Yes, the GPU executes all operations asynchronously, so you need to insert proper barriers for your benchmarks to be correct. Also, if you’re using Python 3, I’d recommend using time.perf_counter()
instead of time.time()
. Here’s a corrected script:
x = torch.cuda.FloatTensor(10000, 500).normal_()
w = torch.cuda.FloatTensor(200, 500).normal_()

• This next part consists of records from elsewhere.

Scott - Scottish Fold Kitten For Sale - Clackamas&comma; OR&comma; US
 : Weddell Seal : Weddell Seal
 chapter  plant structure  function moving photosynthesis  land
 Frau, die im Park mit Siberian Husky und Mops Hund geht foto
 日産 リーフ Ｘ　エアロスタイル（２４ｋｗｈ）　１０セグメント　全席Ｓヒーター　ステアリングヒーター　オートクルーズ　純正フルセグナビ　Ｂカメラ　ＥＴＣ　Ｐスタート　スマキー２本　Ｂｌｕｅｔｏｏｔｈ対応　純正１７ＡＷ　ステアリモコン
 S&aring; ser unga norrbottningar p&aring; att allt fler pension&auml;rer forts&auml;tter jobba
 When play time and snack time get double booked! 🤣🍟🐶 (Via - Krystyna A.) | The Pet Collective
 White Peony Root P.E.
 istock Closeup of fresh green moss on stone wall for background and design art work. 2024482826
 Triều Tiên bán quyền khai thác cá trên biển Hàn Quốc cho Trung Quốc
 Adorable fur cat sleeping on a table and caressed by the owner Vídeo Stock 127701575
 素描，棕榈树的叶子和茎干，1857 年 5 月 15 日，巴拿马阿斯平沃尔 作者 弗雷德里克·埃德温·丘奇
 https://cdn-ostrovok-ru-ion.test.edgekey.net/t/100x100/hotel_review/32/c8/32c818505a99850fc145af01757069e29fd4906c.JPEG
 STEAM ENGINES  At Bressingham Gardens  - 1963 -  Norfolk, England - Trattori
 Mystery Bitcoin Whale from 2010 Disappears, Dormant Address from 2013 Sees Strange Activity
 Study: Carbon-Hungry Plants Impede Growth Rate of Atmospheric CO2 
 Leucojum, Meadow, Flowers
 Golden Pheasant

# ensure that context initialization and normal_() operations
# finish before you start measuring time
torch.cuda.synchronize()
torch.cuda.synchronize()
a = time.perf_counter()
y = x.mm(w.t())
torch.cuda.synchronize() # wait for mm to finish
b = time.perf_counter()
print('batch GPU {:.02e}s'.format(b - a))
a = time.perf_counter()
y = x.mm(w.t())
torch.cuda.synchronize() # wait for mm to finish
b = time.perf_counter()
print('batch GPU {:.02e}s'.format(b - a))
That said, it still gives me some weird results. Even with proper synchronization, running this timing block in a loop gives me:
batch GPU 1.64e-01s
batch GPU 1.25e-03s
batch GPU 7.01e-04s
batch GPU 6.96e-04s
batch GPU 6.94e-04s
@ngimel any ideas what might be causing it?